Our findings suggest the importance of anti-inflammatory drug intervention to prevent recurrence after curative resection in CRC patients. Recently, non-steroidal anti-inflammatory drugs (NSAIDs), aspirin, and histamine-2-receptor antagonists have been shown to suppress host-related inflammatory responses and prevent cancer recurrence.2,28,29 Some studies found that oral aspirin may be effective as adjuvant therapy for CRC.30,31 However, the optimal target population for anti-inflammatory intervention remains unclear. For breast cancer, NSAIDs have been reported to reduce recurrence in patients with a high NLR.32 Our present findings suggest that patients with a postoperatively high inflammatory state may be the optimal target population for anti-inflammatory intervention along with chemotherapy, and that this intervention may apply across all types of cancer.

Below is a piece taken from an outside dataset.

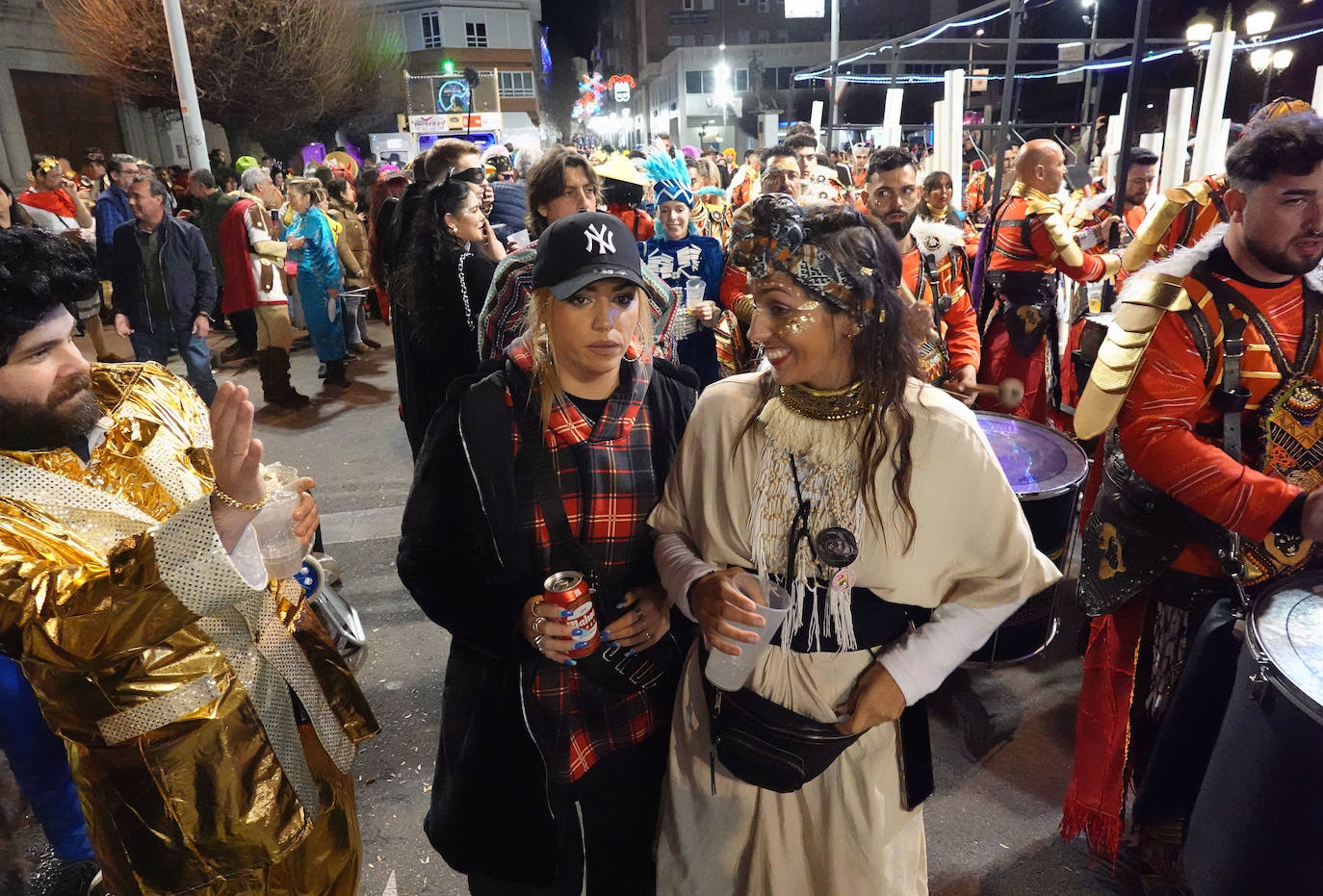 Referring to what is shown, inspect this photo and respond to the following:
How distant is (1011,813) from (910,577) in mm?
1754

We also conducted a similar analysis on stage II CRC patients (n = 366) who underwent curative resection in our hospital. Kaplan–Meier curves were similar to those for stage III CRC patients, in that the normalised group had a significantly better prognosis for OS compared to the elevated group and a similar prognosis as the normal group for all markers. Differences in prognosis among groups for stage II CRC patients were not as robust as those for stage III CRC patients, given the relatively good prognosis for stage II CRC (data not shown). In the multivariable analysis, the normalised group had a significantly better prognosis than the elevated group (LMR: HR, 0.23, 95% CI: 0.09–0.63, P = 0.004; CAR: HR, 0.38, 95% CI: 0.17–0.86, P = 0.021; LCR: HR, 0.35, 95% CI: 0.16–0.78, P = 0.010). Therefore, longitudinal changes in inflammatory markers may also be relevant to stage II CRC patients and may help identify high-risk populations in need of postoperative adjuvant therapy.

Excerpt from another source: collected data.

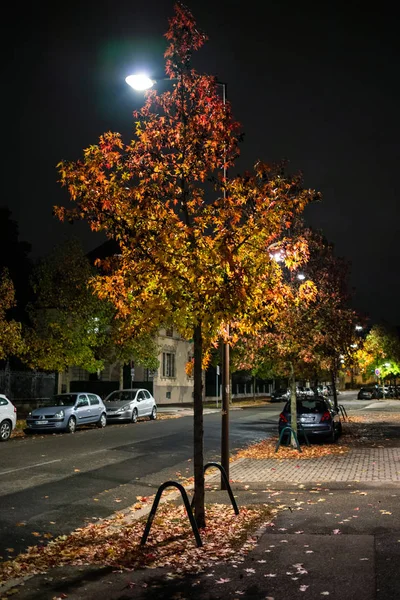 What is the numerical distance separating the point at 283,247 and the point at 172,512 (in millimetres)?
4284

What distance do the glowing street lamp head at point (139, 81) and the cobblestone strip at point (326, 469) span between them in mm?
7620

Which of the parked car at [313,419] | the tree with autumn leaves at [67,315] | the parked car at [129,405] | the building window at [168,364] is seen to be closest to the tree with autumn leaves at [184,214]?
the parked car at [313,419]

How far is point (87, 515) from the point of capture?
389 inches

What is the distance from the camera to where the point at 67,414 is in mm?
24375

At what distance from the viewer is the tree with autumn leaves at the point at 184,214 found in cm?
841

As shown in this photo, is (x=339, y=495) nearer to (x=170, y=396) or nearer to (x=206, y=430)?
(x=206, y=430)

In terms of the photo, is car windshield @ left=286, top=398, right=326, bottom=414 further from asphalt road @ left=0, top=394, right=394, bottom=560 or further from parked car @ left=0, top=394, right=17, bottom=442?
parked car @ left=0, top=394, right=17, bottom=442

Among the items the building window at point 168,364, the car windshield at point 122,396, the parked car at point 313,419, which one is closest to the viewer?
the parked car at point 313,419

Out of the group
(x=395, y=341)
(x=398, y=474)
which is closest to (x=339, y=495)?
(x=398, y=474)

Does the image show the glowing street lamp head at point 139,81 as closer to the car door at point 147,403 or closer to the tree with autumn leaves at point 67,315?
the tree with autumn leaves at point 67,315

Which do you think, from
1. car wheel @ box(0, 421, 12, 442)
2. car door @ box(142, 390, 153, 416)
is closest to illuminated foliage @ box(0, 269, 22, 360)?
car wheel @ box(0, 421, 12, 442)

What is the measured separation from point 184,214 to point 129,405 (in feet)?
73.3

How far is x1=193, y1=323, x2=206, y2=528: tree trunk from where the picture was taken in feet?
27.2

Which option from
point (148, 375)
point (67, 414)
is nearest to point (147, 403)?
point (67, 414)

This study has some limitations. First, this study was retrospective in design and included patients from a single institution. However, the study population was relatively large and homogenous in terms of the cancer stage. Second, the timing of preoperative and postoperative blood tests was not strictly consistent. The difference in the timing of blood sampling could have nonetheless had some impact on results relating to inflammation status. Large-scale prospective studies with a fixed blood test period will be needed to confirm our findings. Third, no data were available regarding the genetic makeup of the lesions, such as KRAS, BRAF and microsatellite instability state. Fourth, marker cut-off values were determined using data from only cancer patients, and not individuals without cancer. Nonetheless, since all four assessed inflammation-based prognostic markers can be calculated using data routinely available from blood tests, our findings suggest the possibility of using these markers in routine clinical practice.

In conclusion, after adjusting for key clinical factors, the normalised group had a significantly better prognosis for OS and RFS compared to the elevated group, and a similar prognosis as the normal group, for all assessed inflammation-based prognostic markers. Postoperative, but not preoperative, inflammation-based prognostic markers indicate intrinsic host-related inflammation in a non-cancer-bearing state after curative resection and may reflect the prognosis of patients with stage III CRC after curative resection.